■ **Exercise details**: Output every line of the material exactly, omitting images.
** Opening Supplied material block **
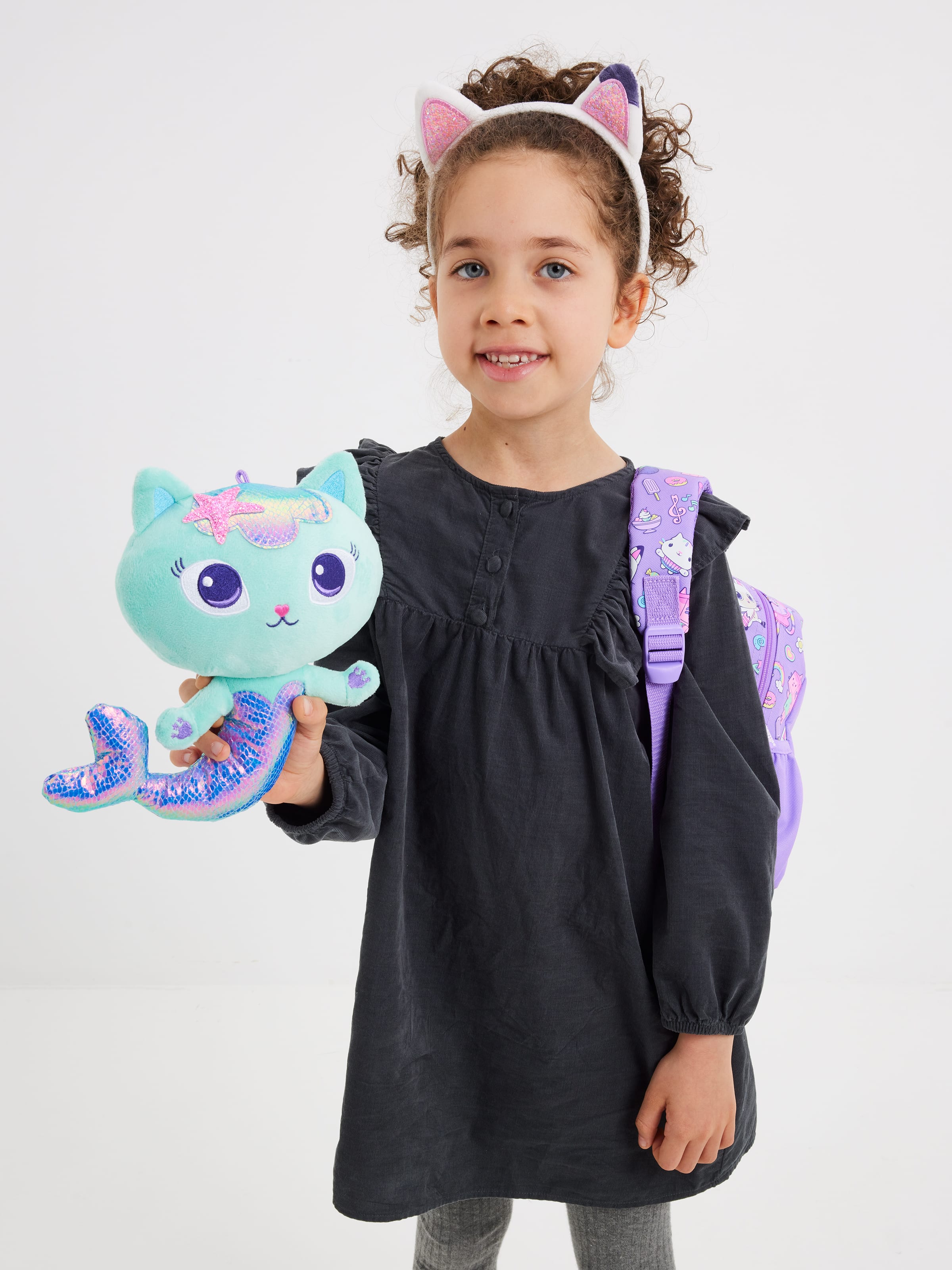 Smiggle - Gabbys Dollhouse Kreş Çıkarabilir Oyuncaklı Sırt Çantası-Dinossi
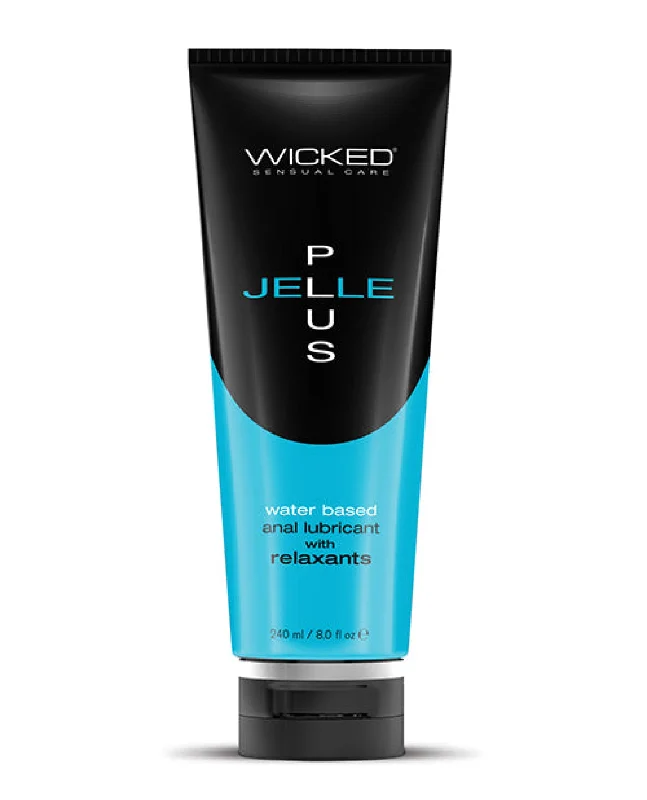 Wicked Sensual Care Jelle Plus Water Based Anal Lubricant with Relaxants - 4 Oz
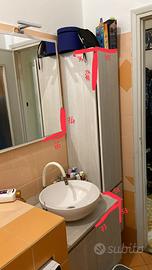 Mobile bagno con specchio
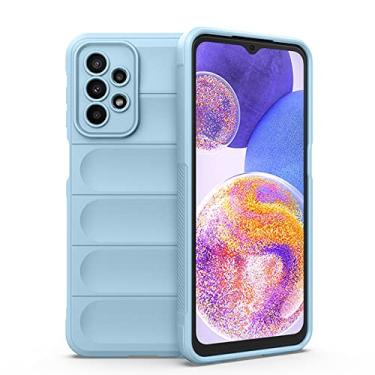 Imagem de Para Samsung A23 A 23 M13 M23 M33 M 33 Tampa de silicone líquido traseira para Galaxy A13 A33 A53 A73 5G capa de telefone, azul claro, para Samsung M23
** Closing Supplied material block **
■ **Task response**:
 Smiggle - Gabbys Dollhouse Kreş Çıkarabilir Oyuncaklı Sırt Çantası-Dinossi
 Wicked Sensual Care Jelle Plus Water Based Anal Lubricant with Relaxants - 4 Oz
 Mobile bagno con specchio
 Imagem de Para Samsung A23 A 23 M13 M23 M33 M 33 Tampa de silicone líquido traseira para Galaxy A13 A33 A53 A73 5G capa de telefone, azul claro, para Samsung M23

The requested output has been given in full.